5

I'm looking to find words in a string that match a specific pattern. Problem is, if the words are part of an email address, they should be ignored.

To simplify, the pattern of the "proper words" \w+\.\w+ - one or more characters, an actual period, and another series of characters.

The sentence that causes problem, for example, is a.a b.b:c.c d.d@e.e.e.

The goal is to match only [a.a, b.b, c.c] . With most Regexes I build, e.e returns as well (because I use some word boundary match).

For example:

>>> re.findall(r"(?:^|\s|\W)(?<!@)(\w+\.\w+)(?!@)\b", "a.a b.b:c.c d.d@e.e.e") ['a.a', 'b.b', 'c.c', 'e.e']

How can I match only among words that do not contain "@"?

alon
  • 51
  • 1
  • instead of trying to get a clever regex going, perhaps clean up the string first? first strip \w+@\w+ then process. I do a lot of ETL work with python and often it's just easier/faster to clean up trash, then split/process the data. – sniperd Aug 01 '17 at 15:16
  • http://www.rexegg.com/regex-best-trick.html#thetrick – bobble bubble Aug 01 '17 at 17:34

3 Answers3

2

I would definitely clean it up first and simplify the regex.

first we have

words = re.split(r':|\s', "a.a b.b:c.c d.d@e.e.e")

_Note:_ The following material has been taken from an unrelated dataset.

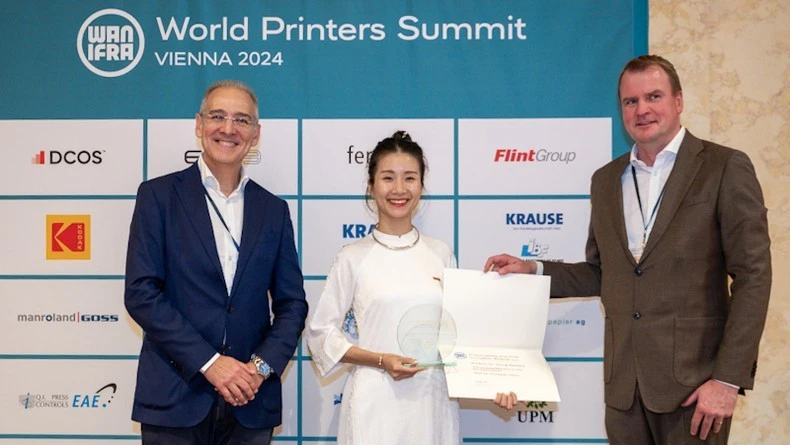 Báo Nhân Dân nhận Giải thưởng đổi mới và phát triển báo in bền vững 2024 với phụ san panorama Chiến dịch Điện Biên Phủ.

then filter out the words that have an @ in them.

words = [re.search(r'^((?!@).)*$', word) for word in words]
Cory Madden
  • 5,026
  • 24
  • 37
1

Properly parsing email addresses with a regex is extremely hard, but for your simplified case, with a simple definition of word ~ \w\.\w and the email ~ any sequence that contains @, you might find this regex to do what you need:

>>> re.findall(r"(?:^|[:\s]+)(\w+\.\w+)(?=[:\s]+|$)", "a.a b.b:c.c d.d@e.e.e")
['a.a', 'b.b', 'c.c']

The trick here is not to focus on what comes in the next or previous word, but on what the word currently captured has to look like.

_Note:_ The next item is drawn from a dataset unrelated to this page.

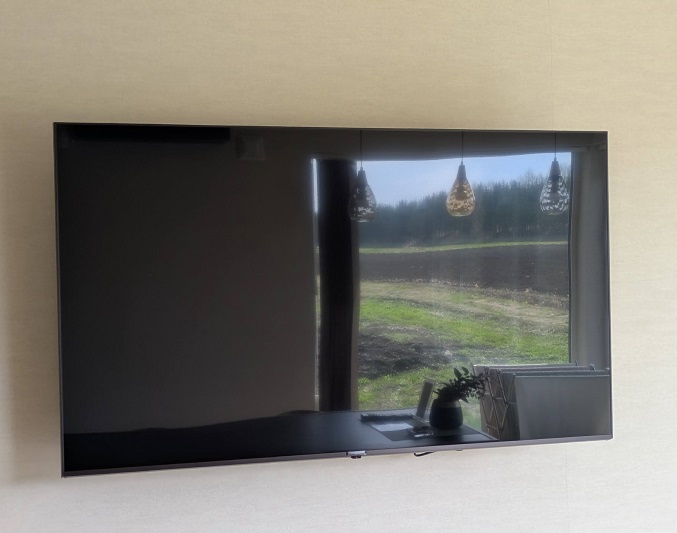 ダイニング用大型テレビ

Another trick is in properly defining word separators. Before the word we'll allow multiple whitespaces, : and string start, consuming those characters, but not capturing them. After the word we require almost the same (except string end, instead of start), but we do not consume those characters - we use a lookahead assertion.

randomir
  • 17,989
  • 1
  • 40
  • 55
1

You may match the email-like substrings with \S+@\S+\.\S+ and match and capture your pattern with (\w+\.\w+) in all other contexts. Use re.findall to only return captured values and filter out empty items (they will be in re.findall results when there is an email match):

import re
rx = r"\S+@\S+\.\S+|(\w+\.\w+)"
s = "a.a b.b:c.c d.d@e.e.e"
res = filter(None, re.findall(rx, s))
print(res)
# => ['a.a', 'b.b', 'c.c']

See the Python demo.

See the regex demo.

Wiktor Stribiżew
  • 607,720
  • 39
  • 448
  • 563